Compilation album by The Twilight Sad
- Released: 8 December 2008
- Recorded: 2006–2008
- Venue: O2 ABC Glasgow (live tracks)
- Studio: Chem19 Studios; home recordings (demos and studio tracks)
- Genre: Indie rock, shoegazing
- Length: 49:49
- Language: Scottish English
- Label: FatCat
- Producer: The Twilight Sad

The Twilight Sad chronology
| Here, It Never Snowed. Afterwards It Did (2008) | The Twilight Sad Killed My Parents and Hit the Road (2008) | Forget the Night Ahead (2009) |

= Killed My Parents and Hit the Road =

The Twilight Sad Killed My Parents and Hit the Road is a compilation album by Scottish indie rock band The Twilight Sad, released by FatCat Records on 8 December 2008. The compilation is composed of live tracks, covers and previously unreleased material, and was made to "help fund their tour with Mogwai" in late 2008. The compilation was initially limited to 1,000 CD copies only, and was only made available at live shows, in independent record shops, and at FatCat's official website. The CD has not been repressed, but the album was made available digitally shortly after the CD release, and pressed on vinyl for the first time in November 2019.

The album artwork and name are homages to the 1990 Sonic Youth album Goo. According to vocalist James Graham, the Goo pastiche was the idea of guitarist Andy MacFarlane. Graham commented, "[The Twilight Sad] were playing in America with Mogwai [...] and Thurston Moore [came] to the gig. So we were thinking 'fuck' and hoping he didn't see the merchandise table. They haven't sued us though.
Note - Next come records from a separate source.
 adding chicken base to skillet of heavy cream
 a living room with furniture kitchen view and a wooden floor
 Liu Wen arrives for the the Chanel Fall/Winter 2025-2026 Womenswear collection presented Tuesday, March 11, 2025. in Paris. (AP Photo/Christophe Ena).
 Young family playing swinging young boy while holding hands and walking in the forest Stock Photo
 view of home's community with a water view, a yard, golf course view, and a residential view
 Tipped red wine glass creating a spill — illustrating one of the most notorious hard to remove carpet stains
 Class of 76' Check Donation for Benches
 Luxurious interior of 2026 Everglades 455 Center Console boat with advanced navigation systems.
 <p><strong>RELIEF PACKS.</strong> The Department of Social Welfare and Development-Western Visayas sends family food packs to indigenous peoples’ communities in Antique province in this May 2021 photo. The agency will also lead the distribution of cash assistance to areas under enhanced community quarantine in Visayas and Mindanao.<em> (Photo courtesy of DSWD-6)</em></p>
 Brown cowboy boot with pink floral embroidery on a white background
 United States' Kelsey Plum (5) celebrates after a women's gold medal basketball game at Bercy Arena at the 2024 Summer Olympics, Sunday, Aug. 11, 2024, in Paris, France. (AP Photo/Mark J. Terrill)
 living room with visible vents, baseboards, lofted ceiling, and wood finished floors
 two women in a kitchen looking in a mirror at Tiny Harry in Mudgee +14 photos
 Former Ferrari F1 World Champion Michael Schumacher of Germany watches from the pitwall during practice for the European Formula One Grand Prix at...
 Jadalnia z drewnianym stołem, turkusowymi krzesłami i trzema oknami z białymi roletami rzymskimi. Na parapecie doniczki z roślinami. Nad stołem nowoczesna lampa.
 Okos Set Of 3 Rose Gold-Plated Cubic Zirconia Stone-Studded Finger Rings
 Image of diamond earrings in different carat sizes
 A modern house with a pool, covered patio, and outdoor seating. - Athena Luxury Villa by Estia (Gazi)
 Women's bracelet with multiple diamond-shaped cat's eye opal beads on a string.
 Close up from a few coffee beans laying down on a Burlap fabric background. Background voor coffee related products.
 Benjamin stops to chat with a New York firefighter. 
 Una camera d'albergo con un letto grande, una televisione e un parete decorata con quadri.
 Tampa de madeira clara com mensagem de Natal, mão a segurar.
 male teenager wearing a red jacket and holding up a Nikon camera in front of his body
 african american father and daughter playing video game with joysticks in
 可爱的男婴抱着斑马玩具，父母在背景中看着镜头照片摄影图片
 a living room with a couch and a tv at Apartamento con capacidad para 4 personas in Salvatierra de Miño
Yet."

The first six tracks were recorded at the ABC in Glasgow on 9 October 2008. "Untitled #28" and "Untitled #27" were later featured on the band's second studio album, Forget the Night Ahead, as "The Neighbours Can't Breathe" and "The Room", respectively.

==Track listing==

| No. | Title | Writer(s) | Length |
|---|---|---|---|
| 1. | "Walking for Two Hours" (Live) |  | 5:02 |
| 2. | "That Summer, at Home I Had Become the Invisible Boy" (Live) |  | 4:09 |
| 3. | "Untitled #28" (Live) |  | 5:45 |
| 4. | "Cold Days from the Birdhouse" (Live) |  | 5:54 |
| 5. | "And She Would Darken the Memory" (Live) |  | 5:23 |
| 6. | "Twenty Four Hours" (Live; Joy Division cover) | Ian Curtis, Bernard Sumner, Peter Hook, Stephen Morris | 5:08 |
| 7. | "The Weather Is Bad" (from the short film Brilliant Noise) |  | 5:09 |
| 8. | "Half a Person" (The Smiths cover) | Morrissey, Johnny Marr | 3:36 |
| 9. | "Untitled #27" |  | 4:05 |
| 10. | "Modern Romance" (Yeah Yeah Yeahs cover) | Karen O, Nick Zinner, Brian Chase | 2:14 |
| 11. | "I Was Hoping Winter Was Over" |  | 3:17 |

==Release history==

| Country | Date | Label | Format | Catalogue # |
| Europe | 8 December 2008 | FatCat Records | CD | FATCD87 |
| 15 November 2019 | LP | FATLP87 |
| LP (limited edition yellow-coloured vinyl; Rough Trade exclusive) | FATLP87LTD |

==Credits==
- James Graham – vocals
- Andy MacFarlane – guitars, noise
- Craig Orzel – bass
- Mark Devine – drums
- Martin "Dok" Doherty – keyboards (tracks 1–6)

===Production===
- Iain Cook – mixing, mastering
- Andy MacFarlane – mixing ("The Weath-er Is Bad")
- Andreas Jonsson – recording (tracks 1–6)
- Peter Katis – recording, mixing ("I Was Hoping Winter Was Over")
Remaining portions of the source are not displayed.